178371-noises-sound-like-the-end-13-essential-mogwai-songs

The 13 Essential Mogwai Songs

With the very fine new album Rave Tapes out this month, PopMatters looks back on Mogwai's rich career by picking 13 of the finest songs from the full span of the post-rock band's work.

Back in the ’90s some writers started calling a fairly unrelated clutch of bands “post-rock”, a genre name no more or less sensible or grandiose than most of them. While the term was originally intended to refer to any act that was somehow advancing past the boundaries of rock music without, err, becoming some other genre, it quickly calcified into pretty much referring to guitar-based bands that specialized in long, instrumental songs that often built to huge crescendos. Like many minor genres, it described plenty of wonderful music but was as notable for how the notable acts in the field refused to just play, well, post-rock.

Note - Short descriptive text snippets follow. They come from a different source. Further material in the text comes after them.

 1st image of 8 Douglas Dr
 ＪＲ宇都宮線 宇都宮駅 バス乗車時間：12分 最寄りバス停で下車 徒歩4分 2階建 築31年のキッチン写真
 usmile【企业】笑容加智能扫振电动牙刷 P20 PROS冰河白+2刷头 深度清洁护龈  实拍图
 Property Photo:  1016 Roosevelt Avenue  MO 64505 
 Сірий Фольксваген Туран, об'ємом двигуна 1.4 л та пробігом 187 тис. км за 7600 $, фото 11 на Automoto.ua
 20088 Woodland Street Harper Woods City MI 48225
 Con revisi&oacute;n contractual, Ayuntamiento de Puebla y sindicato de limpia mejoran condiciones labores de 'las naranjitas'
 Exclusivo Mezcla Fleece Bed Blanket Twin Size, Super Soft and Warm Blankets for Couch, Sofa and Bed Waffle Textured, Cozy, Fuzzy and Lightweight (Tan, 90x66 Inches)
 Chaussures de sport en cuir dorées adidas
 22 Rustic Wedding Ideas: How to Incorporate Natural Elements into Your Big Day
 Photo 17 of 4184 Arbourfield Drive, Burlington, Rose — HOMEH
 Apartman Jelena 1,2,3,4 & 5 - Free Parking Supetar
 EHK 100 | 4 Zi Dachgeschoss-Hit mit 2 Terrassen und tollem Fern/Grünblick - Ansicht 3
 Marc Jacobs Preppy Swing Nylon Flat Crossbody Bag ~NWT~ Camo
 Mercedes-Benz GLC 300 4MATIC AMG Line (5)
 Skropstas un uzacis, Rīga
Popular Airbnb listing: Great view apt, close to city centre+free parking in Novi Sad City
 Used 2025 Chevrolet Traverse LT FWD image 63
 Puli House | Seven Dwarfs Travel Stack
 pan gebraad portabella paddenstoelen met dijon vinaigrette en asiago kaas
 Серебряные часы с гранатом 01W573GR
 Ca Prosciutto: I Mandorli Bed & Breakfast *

I’m not sure if people tend to call Mogwai post-rock that much anymore, but I do remember when you practically couldn’t get through a paragraph on them without encountering the name. While their music has always remained recognizably Mogwai, they’ve explored so many avenues over the years since their first full-length releases in 1997 that it’s hard to call them anything more specific than simply a rock band, and one of the finest and most adventurous rock bands working in 2014. It’s a little too hard to assess the ‘best’ Mogwai songs – depending on what aspect of the band you like best you could amass a credible top 10 or 20 from just a small slice of their career — so with their very fine new album Rave Tapes out this month, PopMatters looks back on their rich career by picking 13 of their finest songs from the full span of their work. Excepting Mogwai’s soundtracks, which are great in their own right but also generally focused more on the overall mood than specific songs, the following list picks a song apiece from each of their full-length releases from 1997 to 2014, plus one special addition.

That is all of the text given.